We propose the Soft Graph Transformer (SGT), a soft-input-soft-output neural architecture designed for MIMO detection. While Maximum Likelihood (ML) detection achieves optimal accuracy, its exponential complexity makes it infeasible in large systems, and conventional message-passing algorithms rely on asymptotic assumptions that often fail in finite dimensions. Recent Transformer-based detectors show strong performance but typically overlook the MIMO factor graph structure and cannot exploit prior soft information. SGT addresses these limitations by combining self-attention, which encodes contextual dependencies within symbol and constraint subgraphs, with graph-aware cross-attention, which performs structured message passing across subgraphs. Its soft-input interface allows the integration of auxiliary priors, producing effective soft outputs while maintaining computational efficiency. Experiments demonstrate that SGT achieves near-ML performance and offers a flexible and interpretable framework for receiver systems that leverage soft priors.
This paper proposes the Soft Graph Transformer (SGT), a soft-input soft-output neural architecture specifically designed for MIMO detection. While maximum likelihood (ML) detection achieves optimal accuracy, its exponential complexity is infeasible for large-scale systems, and traditional message-passing algorithms rely on asymptotic assumptions that often fail in finite-dimensional settings. Recent Transformer-based detectors show promise but typically overlook MIMO factor graph structure and cannot leverage prior soft information. SGT addresses these limitations by combining self-attention mechanisms (encoding symbol and constraint subgraph context dependencies) with graph-aware cross-attention mechanisms (performing structured message passing across subgraphs). Its soft-input interface enables integration of auxiliary priors while producing effective soft outputs while maintaining computational efficiency.
MIMO systems, while fundamental to modern wireless communications providing high spectral efficiency and robust links, still present challenges in efficient symbol detection.
Maximum Likelihood Detection: Achieves optimal accuracy but has computational complexity O(M^Nt) (M is constellation size), making it infeasible for large-scale systems
Message-Passing Algorithms: Methods like AMP, OAMP, MAMP have lower complexity but rely on asymptotic assumptions, proving fragile in finite-dimensional settings
Deep Unfolding Methods: Approaches such as OAMP-Net and DetNet learn algorithm parameters from data but remain constrained by assumptions of the underlying algorithms
Existing Transformer Methods:
RE-MIMO lacks explicit graph awareness
Transformer-based MIMO uses QR decomposition with high cost and ignores factor graph structure
Proposes SGT Architecture: First MIMO detector unifying factor-graph-guided self-attention and cross-attention within an AMP-style framework
Graph-Aware Tokenization Method: Transforms the weighted dense factor graph of MIMO systems into a dual-subgraph representation suitable for Transformer processing
Soft-Input Soft-Output Interface: Naturally integrates external prior information from other receiver modules
Performance Improvements: Achieves near-ML detection accuracy in small-scale MIMO systems and demonstrates superior quadratic complexity growth in large-scale systems
SGT is the first MIMO detector explicitly integrating factor graph structure into Transformer architecture, unifying context encoding and message passing.

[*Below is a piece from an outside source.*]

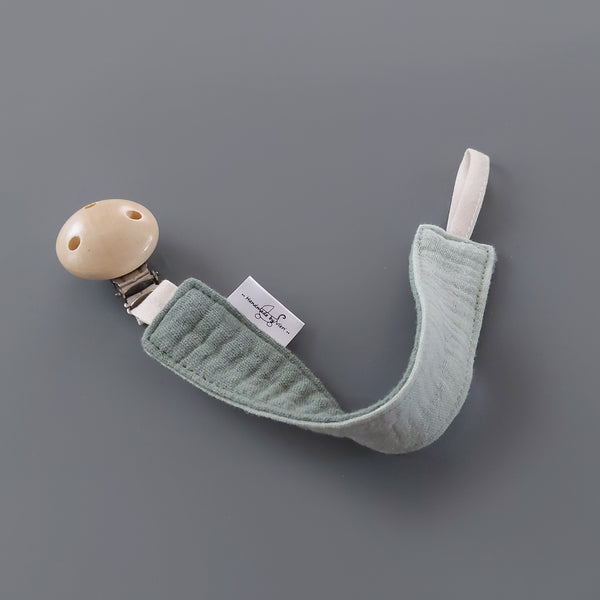 Baby Geschenkset 2-teilig - Halstuch und Schnullerkette in vielen Farben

The paper cites important literature in MIMO detection, message-passing algorithms, deep learning, and Transformers, particularly:
Foundational literature on AMP series algorithms 1-3
Representative works on deep unfolding methods 4-6
Original Transformer architecture papers 7
Related Transformer-based communication system works 8-11
Overall Assessment: This is a technically innovative paper that successfully combines Transformer architecture with MIMO detection's factor graph structure, proposing the SGT method with solid theoretical foundation and practical value. While there remains room for improvement in computational efficiency and performance gain magnitude, it provides valuable exploration of deep learning applications in structured signal processing problems.